Publié le 16 septembre 2013

La plupart des dirigeants des sociétés commerciales ne peuvent être révoqués que pour justes motifs. A défaut, leur révocation donne lieu à l'octroi de dommages-intérêts. Cette notion de juste motif, construite par la jurisprudence, est plus large que la simple notion de faute en ce qu'elle vise par exemple l'attitude du dirigeant, même non fautive, de nature à compromettre l'intérêt social ou le fonctionnement de la société.

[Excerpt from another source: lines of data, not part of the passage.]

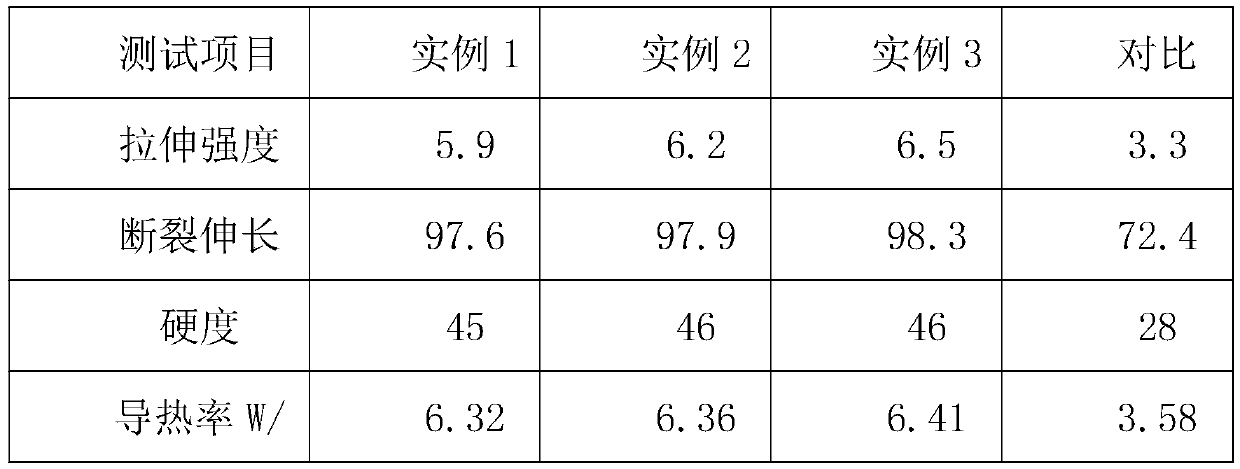 Preparation method of silica gel pad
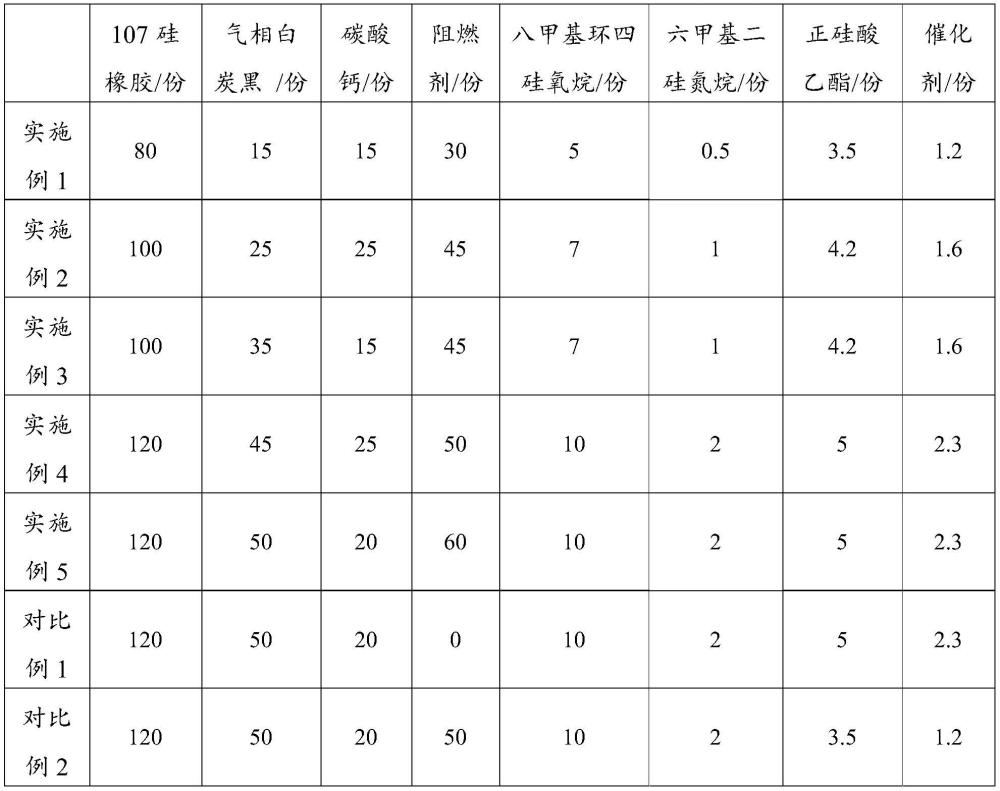 單組分室溫固化絕緣涂敷料及其制備方法與流程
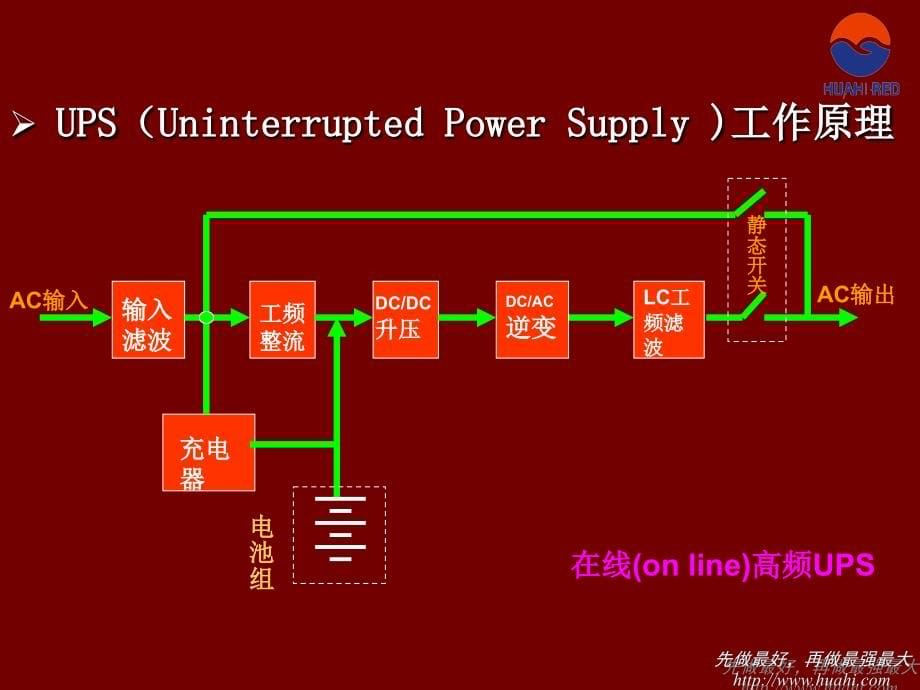 通信用240V高压直流供电系统培训_第5页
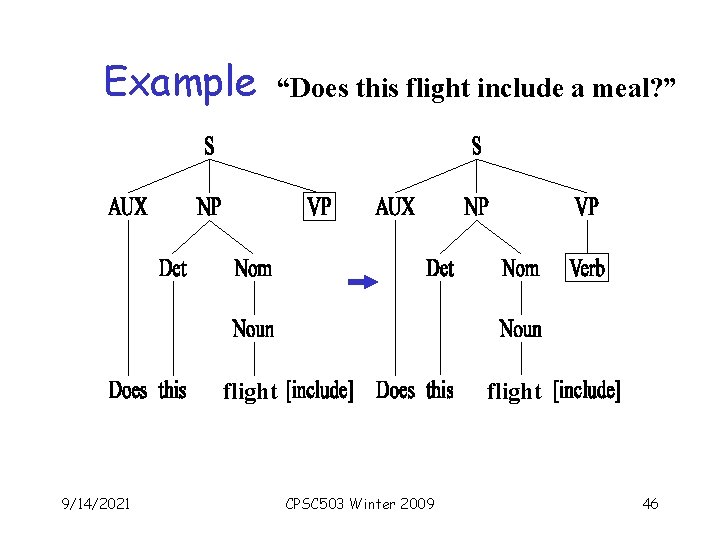 Example “Does this flight include a meal? ” flight 9/14/2021 flight CPSC 503 Winter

Au sein des sociétés anonymes, les conditions de la révocation des administrateurs et du président du conseil d'administration sont différentes. Ces derniers sont en effet révocables à tout moment et sans juste motif. Si cette révocation ad nutum ne nécessite pas de faute, elle ne doit toutefois pas intervenir dans des circonstances révélant une faute ouvrant droit à réparation d'un préjudice sur le fondement de l'article 1382 du code civil, la révocation devenant alors abusive.

Est ainsi abusive, selon la jurisprudence, la révocation ayant lieu sans respect du principe du contradictoire et ne mettant pas un dirigeant en mesure de présenter ses observations avant la décision de révocation (Cass. Com. 24 février 1998 n°95-12.349).

Dans un arrêt récent (Cass. Com. 14 mai 2013 n°12-15.119), la Cour de cassation est allée plus loin en opérant un revirement de jurisprudence et en précisant que, pour respecter les droits de la défense, un motif de révocation doit être communiqué au dirigeant avant la décision, même lorsque la révocation sans juste motif ne donne pas lieu à indemnisation.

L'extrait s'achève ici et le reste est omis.